A trail led into the ooze through tall grass and hip-deep channels. We aimed toward a stand of trees north by northeast, then crossed a patch of skunk cabbage, over a bear trail and through a creek. Soon, a meadow was visible beyond the trees and then dark water with the mountain behind it.
Nothing moved on the surface. Lily pads ringed the lake and the banks were carpeted in moss and waist high grass. Our rods were rigged with floating lines, steel leaders and streamers. I pointed dad toward a channel that emptied into the lake with a patch of open water where no lily pads grew.
On the third cast, a fish boiled. After more than two dozen casts, dad connected. By the time I reached him, he had a pike to hand, a fish that measured 30 inches and sported the grizzly hackled streamer that had teased him out of the lilies.

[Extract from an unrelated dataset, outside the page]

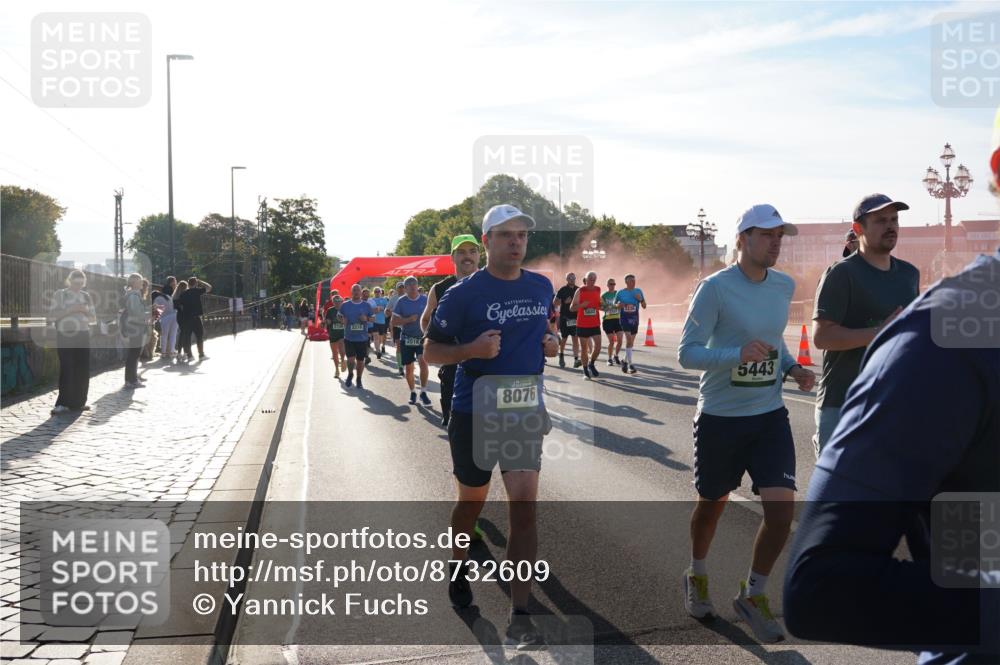 07.09.2025 - BARMER Alsterlauf Yannick Fuchs http://msf.ph/oto/8732609 07.09.2025 09:04:29 Laufen 270, 2218, 2518, 8076, 2238, 5602, 5443 meine-sportfotos.de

Dad worked the streamer side-to-side to make the fly behave like a wayward frog. His next fish was a two-footer with razor teeth.
I cast my streamer into voids in the lilies and teased it from pad to pad. A pike streaked out and missed the fly. Moments later, another charged, its mouth gaping at the surface. I missed, but the electric current that passed between us almost stopped my heart.
On the downwind side, Dad cast a Gibbs spoon with a lazy zigzag retrieve and caught two more. I missed another. Dad handed me the spinning rod.
Concerned now, I waded in and fan-cast out from the weeds. I hooked and lost one. Down to last cast time. Twenty more “last casts,” the spoon stopped, the line knifed through the water, a wedge of tail broke the surface.
Through the maze of lily pads, I brought the beast to hand and admired my first pike, my quest fulfilled.
Back at Glacier Bear Lodge, we checked in with Bob, Kraig, Steve and Jonathan fresh off the 28-foot Aerofish with nearly a dozen silvers and ling cod.
The next morning we fished the tide pools of the Situk River and left Steve Ries to scout a section of stream two miles up from the mouth. In four hours, he caught 62 pink salmon. With a stringer of five pinks on a rope at his waist, he was careful to watch his back trail. Forty yards upstream, a black bear walked out. When he saw the fisherman, he padded toward him.
The two predators faced off. “His nostrils kept flexing. He knew I had fish,” Steve said later. “I wasn’t going to let him have them.” He shouted and the bear circled. Steve backed into the water, over the top of his waders. The bear plunged in. Steve had a nine-foot Lamiglas rod. As soon as the bear was in reach, Steve gave him a whack across the nose. And the bear went looking for his own salmon.
We decided to fish a different spot that evening. One of my good ideas.